Most of what you say sounds like what we discussed on the call, but I'm surprised by "correlated to the url". Are you thinking only of common URLs?

We talked about the fact that the information you're discussing should be available in aggregate but not on an event-by-event basis. Indeed the more finely you try to slice information, the more you will run into the Differential Privacy noise added by the aggregation system.

What use cases are you trying to address by slicing at the URL level?

TheMaskMaker commented 3 years ago

The current business usecase is to associate the information collected to the web page. We need to correlate the business interest and revenue potential based on the content.

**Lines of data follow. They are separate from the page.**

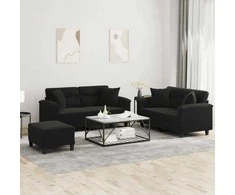 Sofa Sofos komplektas su pagalvėmis, 3 dalių, juodas, audinys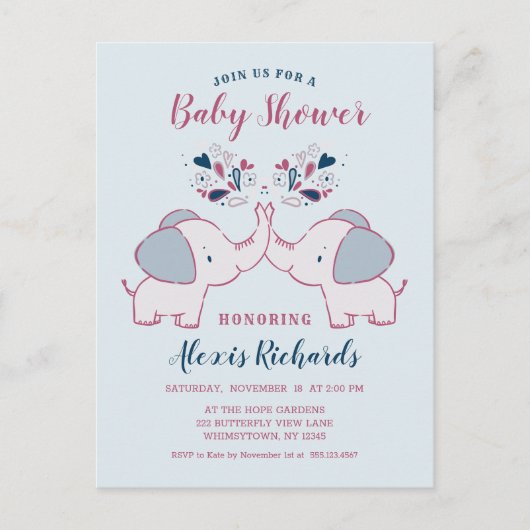Schattige olifanten en harten Schattige Baby showe Uitnodiging Briefkaart (Voorkant)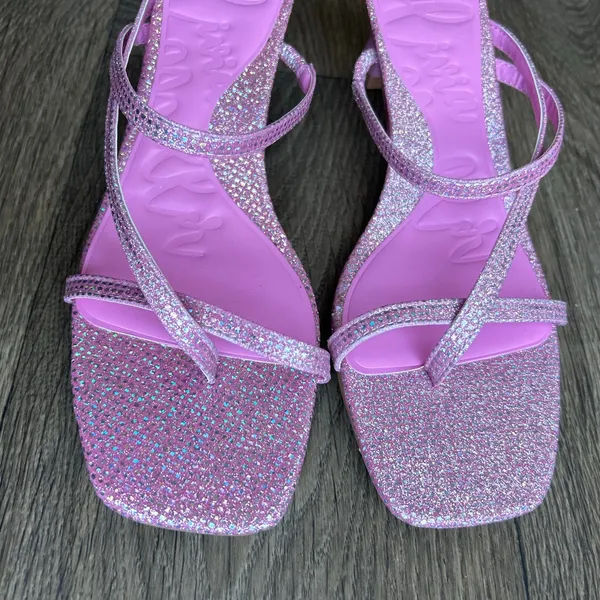 Olivia Miller Angelic Glitter Pink Strappy Kitten Heel Sandal Size 8 - Image 7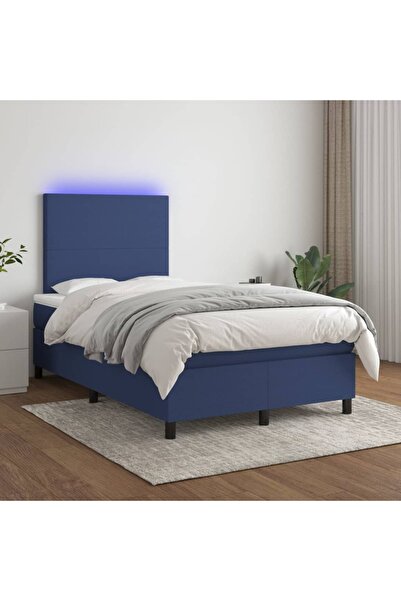 Concept Pat cu arcuri, saltea și LED, albastru, 120x200 cm, textil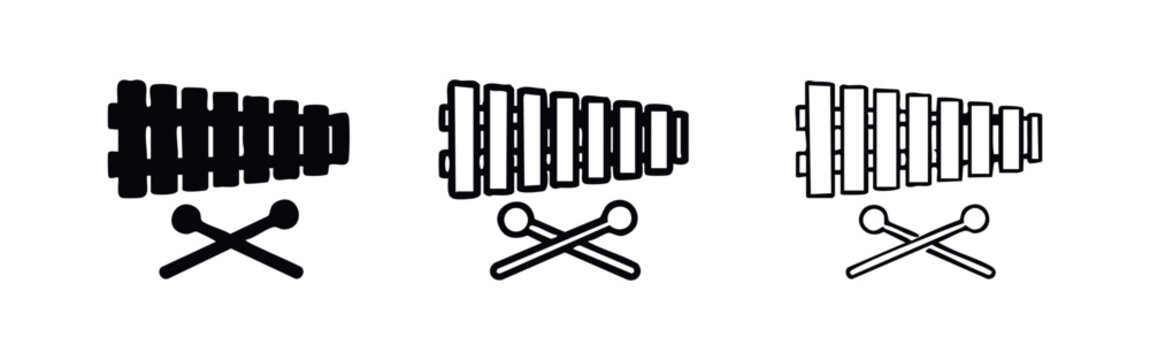 Xylophone Percussion Instrument Icons with Mallets. Musical Xylophone Symbols Set. Marimba and Mallets Vector Illustrations.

There is no information in fledge on an individual user but there is aggregate information on a web page. This helps us identify the content that is valuable to advertisers to maximize revenue for the publisher.

michaelkleber commented 3 years ago

Sure, I get that, but that only makes sense if the URL is designed to allow aggregation. Many sites' URLs include lots of parameters that make them unique to a given visit, which means grouping by URL would leave you with only noise, no data.

Perhaps it should be the job of the publisher-trusted agent to look at the real page URL and somehow turn it into an aggregation key. If the URL is sufficiently popular across different people, you could just use that, but if the URL has all sorts of parameters that make it unsuitable for aggregation, the publisher-trusted agent would implement logic to strip parts away, or even replace the URL with a higher-level "section of the publisher site" kind of descriptor, to make useful segments for slicing.

TheMaskMaker commented 3 years ago

I agree, in fact I think it makes allot of sense for the publisher trusted agent, as they know the url structure, to break it down to something aggregate and useable. That would work perfectly.

In fact since you mention it, I wanted to asked about the ability to aggregate on other contextual information as well. Is this possible as long as the numbers are high enough to enable aggregate lookup and prevent individual tracking? For example, correlation to article author is something important to publishers. Correlation to external Referrer domain (50% of your audience comes from google search for example) is also useful aggregate information we would like to be able to provide. This and similar information is very useful in aggregate and helps drive publisher decisions. Is this possible?

I was also wondering what the mechanism for creating these aggregate calls will look like on the publisher trusted worklet?

michaelkleber commented 3 years ago

There should be no problem slicing by whatever information the publisher already has.

Obviously the mechanism is TBD, since we've only just introduced the idea of a publisher trusted worklet. But the Multi-Browser Aggregation Service Explainer, and the further work describing Private Histograms, should offer a sense of what it will be build on.